The bank, which today announced an after tax profit of $5.7 billion – up 6 per cent on the previous year, revealed that its total computer investment (including the write-off, which amounted to $220 million after tax) amounted to $1.38 billion for the year to the end of September. Included in that was $150 million spent on computer contractors; $106 million on data communications (which was an impressive 15 per cent lower than the year before); and $253 million on new software.
The bank also claimed that in the last 12 months transaction volumes in all business units had risen by between 5 per cent and 15 per cent, but it had held costs steady over the last six months. Costs rose 4 per cent for the year in total (compared to 11 per cent and 15 per cent increases in the previous two years).
According to chief financial officer, Shane Elliott, that effectively pointed to the unit processing cost having dropped by between 5 and 15 per cent.
Chief executive Mike Smith said that over the last five years there had been a fundamental transformation of ANZ which had allowed it to last year grow the business but keep costs flat.

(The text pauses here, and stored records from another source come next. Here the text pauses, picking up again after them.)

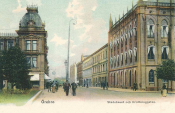 Örebro, Stadshuset och Drottninggatan 1907 Örebro, Stadshuset och Drottninggatan 1907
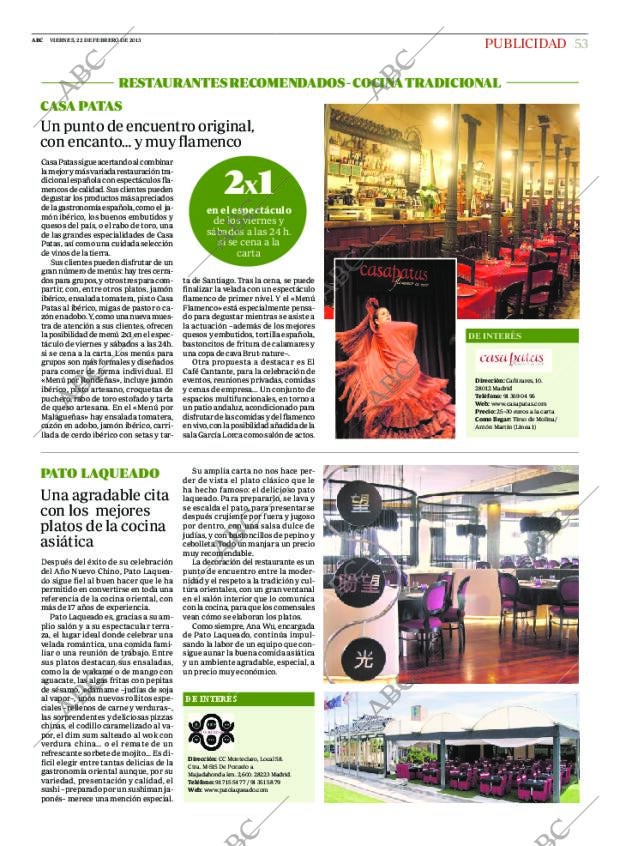 ABC MADRID 22-02-2013 página 53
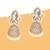 white alloy jhumki with kundan pearl floral work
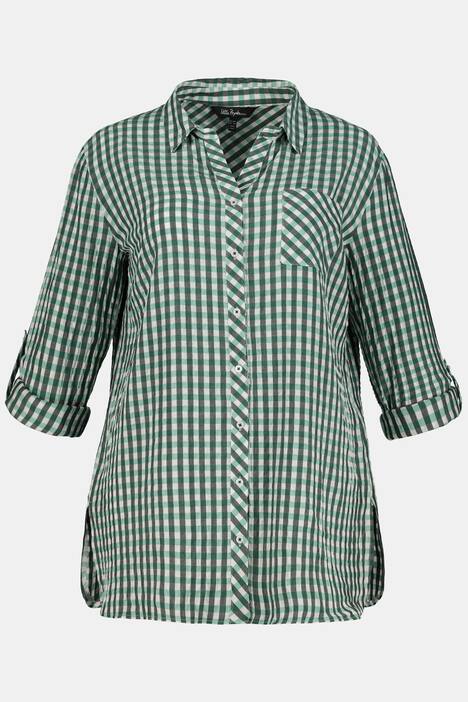 Karobluse, Seitenschlitze, Regular, Krempelriegel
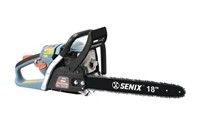 Senix 4 Cycle gasoline chain saw with 18" bar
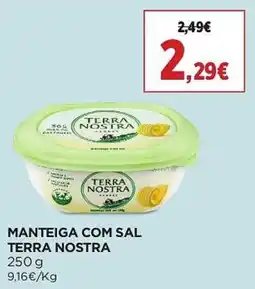 El Corte Inglés Manteiga com sal terra nostra promoção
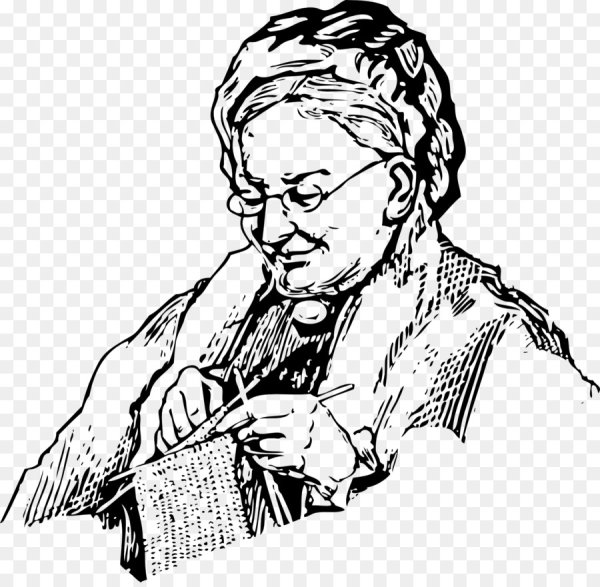 Раскраска бабушка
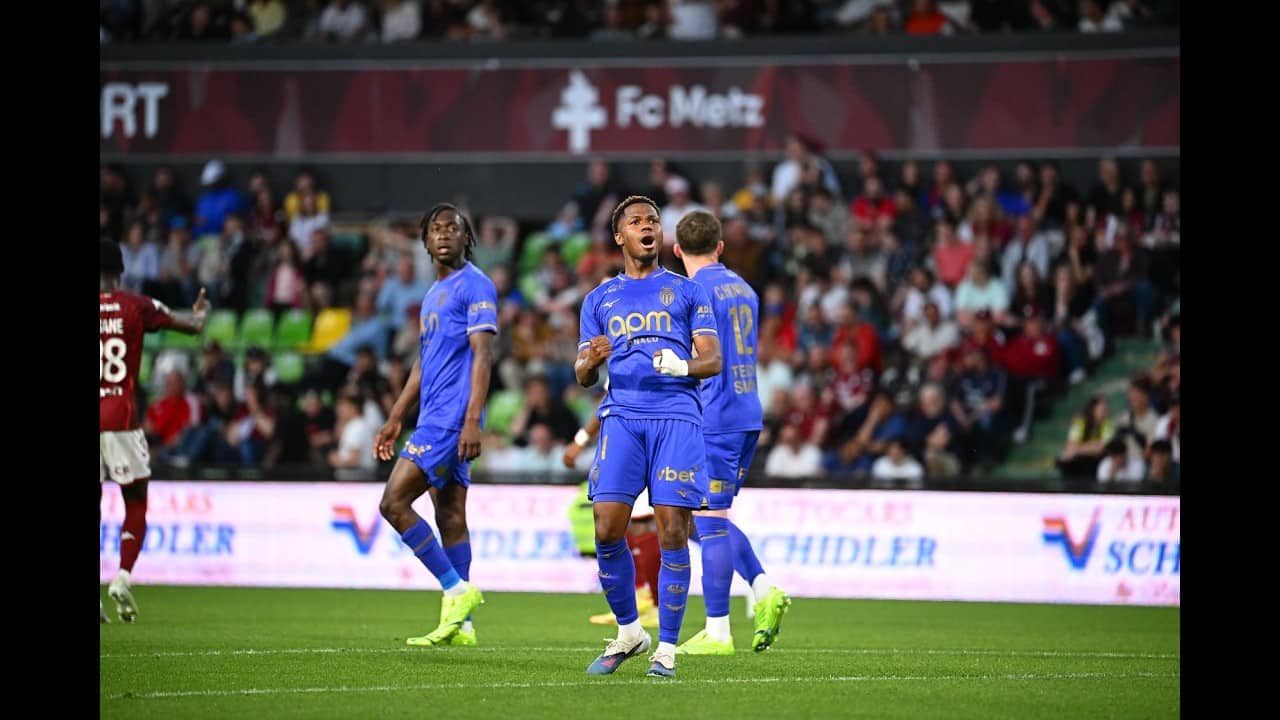 Résumé, FC Metz 1-2 AS Monaco (but de Fati 91' & première titu' de Pogba)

He particularly noted improvements in operational delivery, in the technology hubs and straight through processing.
Mr Smith said that by further leveraging the hubs which support its super regional strategy he expected to shave a further 2 per cent off the bank’s cost to income ratio by the end of 2014.
With regard to the ANZ’s New Zealand simplification programme - which will lead to a single core banking system for NZ - the bank noted that although there were costs incurred with that simplification programme it was ultimately expected to lead to lower technology and operational costs.